(Exercise instructions): For the records below, copy exactly the span that begins at the line containing "14K Rose 1 CTW" and stops after the line containing "Illana Babatee Speletjie - Baba Trivia", minus any pictures.

(Supplied records):

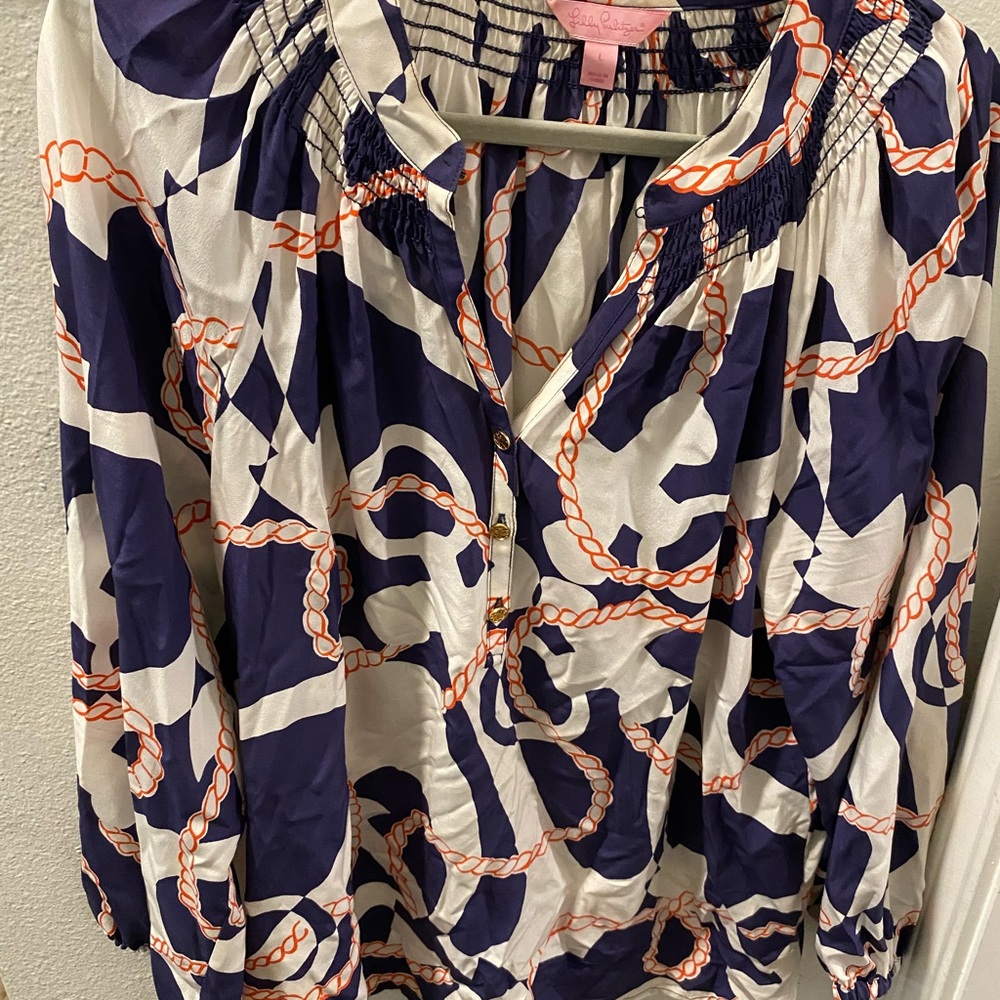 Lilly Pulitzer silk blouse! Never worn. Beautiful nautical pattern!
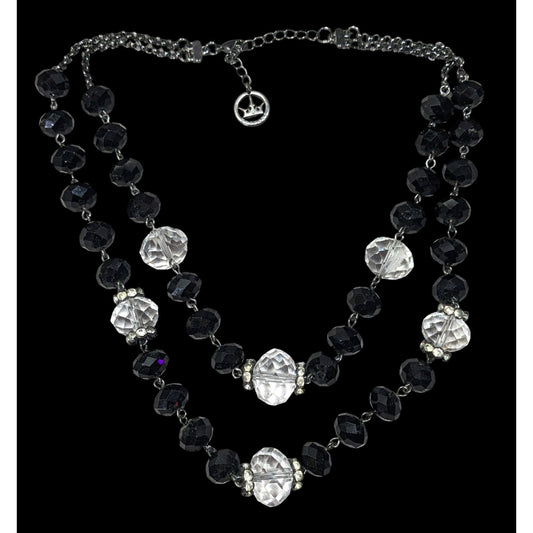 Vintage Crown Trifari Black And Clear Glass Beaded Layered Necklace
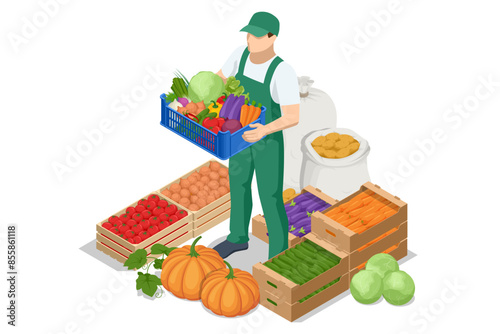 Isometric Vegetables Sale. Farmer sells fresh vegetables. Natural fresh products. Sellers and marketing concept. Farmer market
---
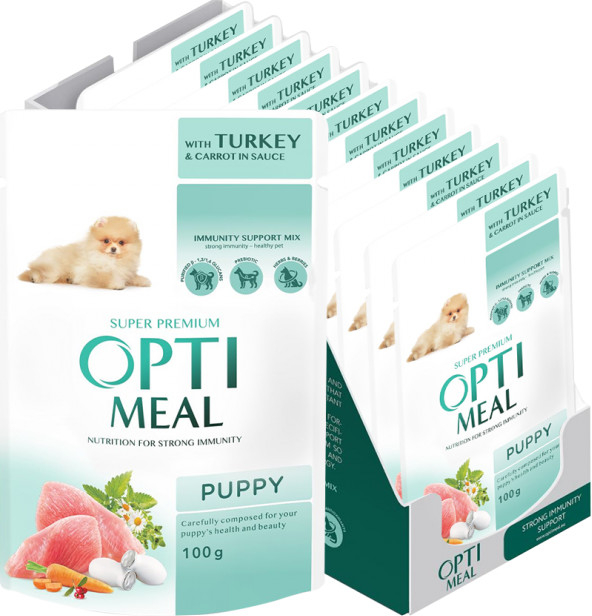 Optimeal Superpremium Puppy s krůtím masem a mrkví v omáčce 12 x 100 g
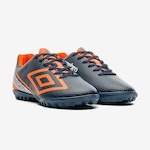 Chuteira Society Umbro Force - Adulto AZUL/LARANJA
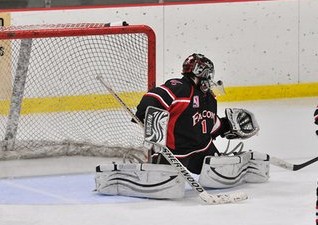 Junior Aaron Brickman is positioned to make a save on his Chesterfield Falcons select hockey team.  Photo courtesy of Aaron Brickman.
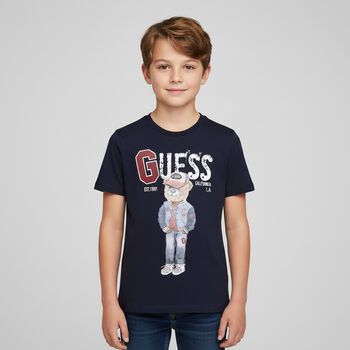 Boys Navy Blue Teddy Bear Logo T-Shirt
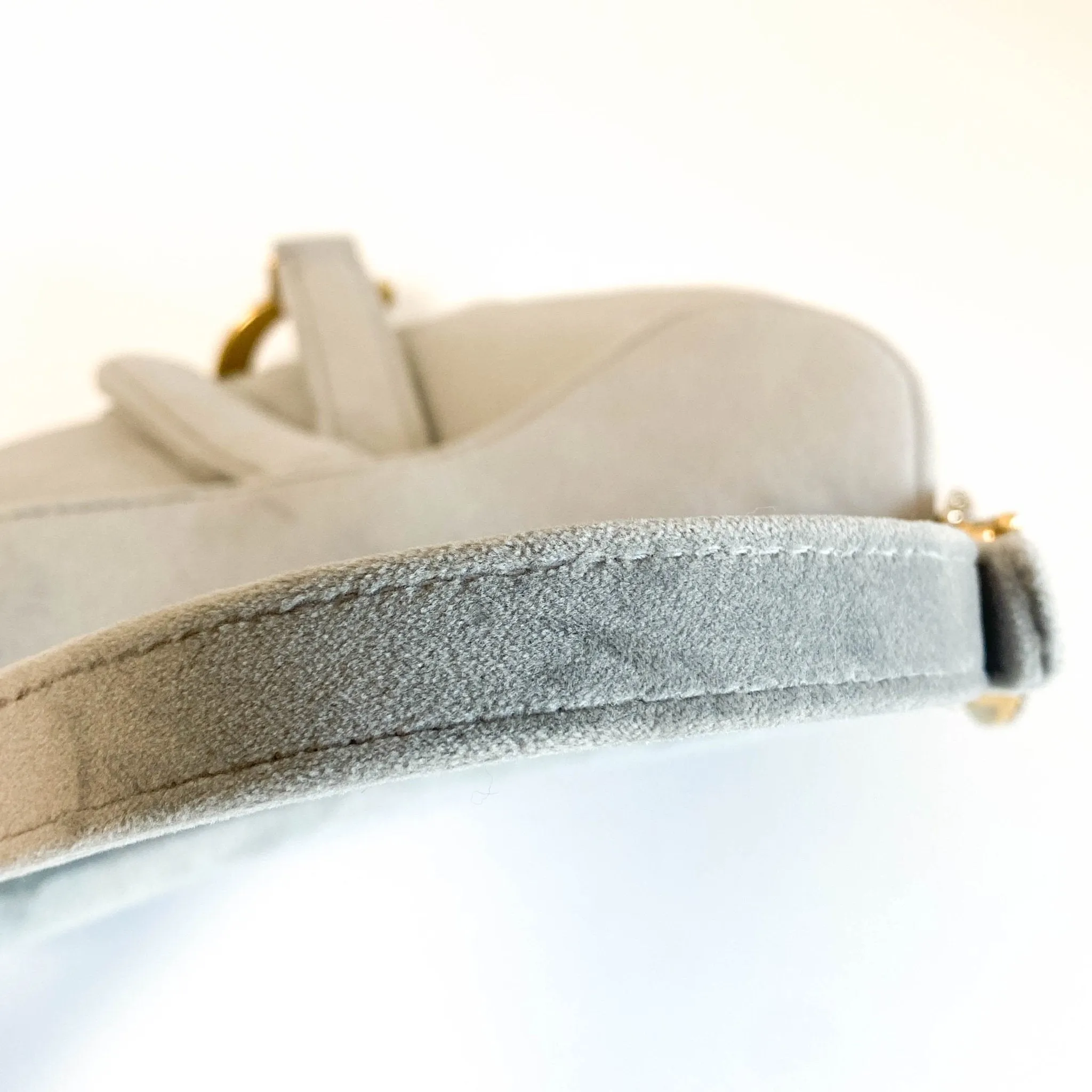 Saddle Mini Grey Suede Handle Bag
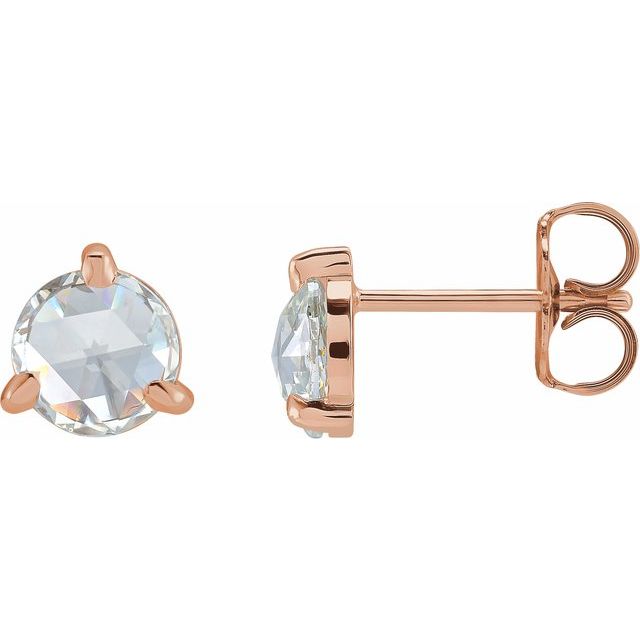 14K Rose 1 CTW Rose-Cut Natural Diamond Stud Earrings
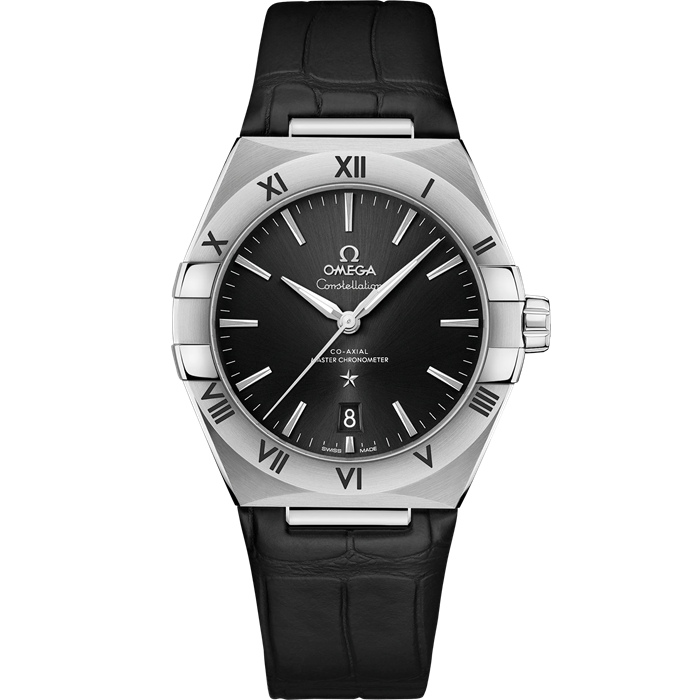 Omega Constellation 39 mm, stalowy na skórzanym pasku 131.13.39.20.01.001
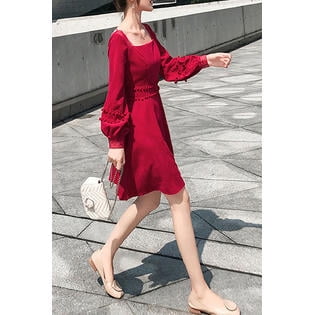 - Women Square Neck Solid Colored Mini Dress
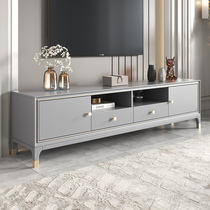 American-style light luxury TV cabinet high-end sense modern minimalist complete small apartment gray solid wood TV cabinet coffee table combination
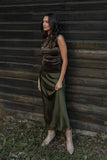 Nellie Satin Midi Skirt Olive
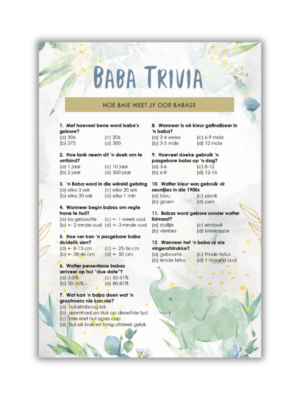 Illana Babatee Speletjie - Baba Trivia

(Answer box):
 14K Rose 1 CTW Rose-Cut Natural Diamond Stud Earrings
 Omega Constellation 39 mm, stalowy na skórzanym pasku 131.13.39.20.01.001
 - Women Square Neck Solid Colored Mini Dress
 American-style light luxury TV cabinet high-end sense modern minimalist complete small apartment gray solid wood TV cabinet coffee table combination
 Nellie Satin Midi Skirt Olive
 Illana Babatee Speletjie - Baba Trivia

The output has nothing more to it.